O discurso presente não deixa de ser opinião. E, assim como todos os casos, gostos e opiniões divergem. Portanto, a convergência com o autor é avaliada nas prioridades do leitor e no quanto se deixa levar pelos irremediavelmente apaixonados do livro. Todos são vítimas, mas tornaram-se assim pelos atos, desejos e a eterna fuga errante do negativo e a busca do positivo.

"O amor não se manifesta pelo desejo de fazer amor (pois isso
se aplica a todas as mulheres) e sim pelo desejo do sono compartilhado (isso se
aplica a uma só mulher)."

segunda-feira, 12 de abril de 2010

Kafka, o mestre das frases

Francine Prose, autora de “Para ler como um escritor – Um guia para quem gosta de livros e para quem quer escrevê-los” (2008, Jorge Zahar Editor), notou uma necessidade de material para tal fim e acaba por revolucionar na abordagem do tema. Sua maneira de ensinar análises e citar obras obrigatórias revela que para os iniciantes da arte da escrita a paixão é pedra fundamental. Uma das lições iniciais de seu livro ensina sobre a insuperável importância da frase de abertura das obras. Grande parte dos escritores é apaixonada por construir belas frases, principalmente a fundamental.
Prose aponta a leitura desacelerada e atenta como método para o tamanho trabalho estilístico - em alguns casos levado ao extremo – não passar despercebido. Dada a importância da primeira frase, é ela que evidencia o que será desenrolado pelo resto das páginas e define se você vai ler até o fim.
Não importa o tamanho ou o rebuscamento, a frase pode tanto conter apenas quatro palavras como ser abarrotada de subordinações ordenadas em cascata. É ela que desencadeia o mistério, revela o estilo, introduz a trama, em suma, captura o leitor.

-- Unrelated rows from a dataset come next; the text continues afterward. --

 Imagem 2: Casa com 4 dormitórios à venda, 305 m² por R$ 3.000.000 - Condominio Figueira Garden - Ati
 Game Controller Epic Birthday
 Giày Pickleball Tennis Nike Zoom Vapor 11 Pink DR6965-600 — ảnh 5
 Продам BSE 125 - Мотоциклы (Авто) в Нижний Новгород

Lido esse capítulo, instantaneamente busquei as tais frases fundamentais nos meus livros já consumados. É notável como, de acordo com Prose, os autores dão importância a isso. Jack Kerouac, escritor cerne da geração Beat, logo de cara joga o leitor no meio de suas andanças e peregrinações sem roteiro que desenroladas não necessariamente acabam com o fim do livro. Sem rodeios, Kerouac quer mesmo transmitir certa falta de noção em suas grandes viagens, e faz isso bela e energicamente, levando o leitor junto, sem lenço nem documento.

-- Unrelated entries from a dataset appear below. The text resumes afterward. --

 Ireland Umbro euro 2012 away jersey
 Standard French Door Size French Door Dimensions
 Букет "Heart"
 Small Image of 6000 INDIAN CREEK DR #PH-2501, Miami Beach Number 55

Com Kafka (foto), segundo Francine, tem-se muito a aprender. Foi um exímio construtor de frases; um mestre das linhas de abertura – e das frases ao longo de toda sua obra. Buscava as doses certas nos momentos certos, logo, a frase primordial tornava-se de relevante importância para a sincronia do que viria a seguir.
Em A Metamorfose (comentários sobre essa obra em outra ocasião em um texto exclusivo, tamanha sua complexidade), Kafka abre com “certa manhã, ao despertar de sonhos intranqüilos, Gregor Samsa encontra-se em sua cama metamorfoseado num inseto monstruoso.” Tão vastos são conteúdo e importância presentes apenas nessas poucas palavras que toda uma análise poderia ser construída sobre a curta introdução. Difícil não querer saber quem era Gregor Samsa, por que se tornara um inseto monstruoso e ainda que inseto monstruoso fosse esse que havia se tornado (pergunta essa tão incógnita quanto a sobre a traição de Capitu).

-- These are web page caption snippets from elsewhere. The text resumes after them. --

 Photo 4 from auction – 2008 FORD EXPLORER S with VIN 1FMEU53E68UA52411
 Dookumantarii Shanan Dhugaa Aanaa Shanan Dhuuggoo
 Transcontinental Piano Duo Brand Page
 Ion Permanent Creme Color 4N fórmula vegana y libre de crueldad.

Tanto para o leitor apaixonado como para o escritor ascendente, Francine acerta ao construir um manual leve e interessante que ensina a navegar pelas obras dos grandes escritores. Sendo seus cursos, suas palestras e seu velho amor pelas palavras material que serviu para a construção do livro, sua abordagem é diferente para nós brasileiros. Tão apaixonados pelo desenvolvimento da arte como relato da cultura ou apenas como desenvolvimento estilístico, ainda temos deficiência em cursos e materiais voltados à arte da escrita. O que deveria mudar é a boa leitura deixar de ser regra, porque aqui, infelizmente, as regras servem para não serem respeitadas, uma pena, mas verdade.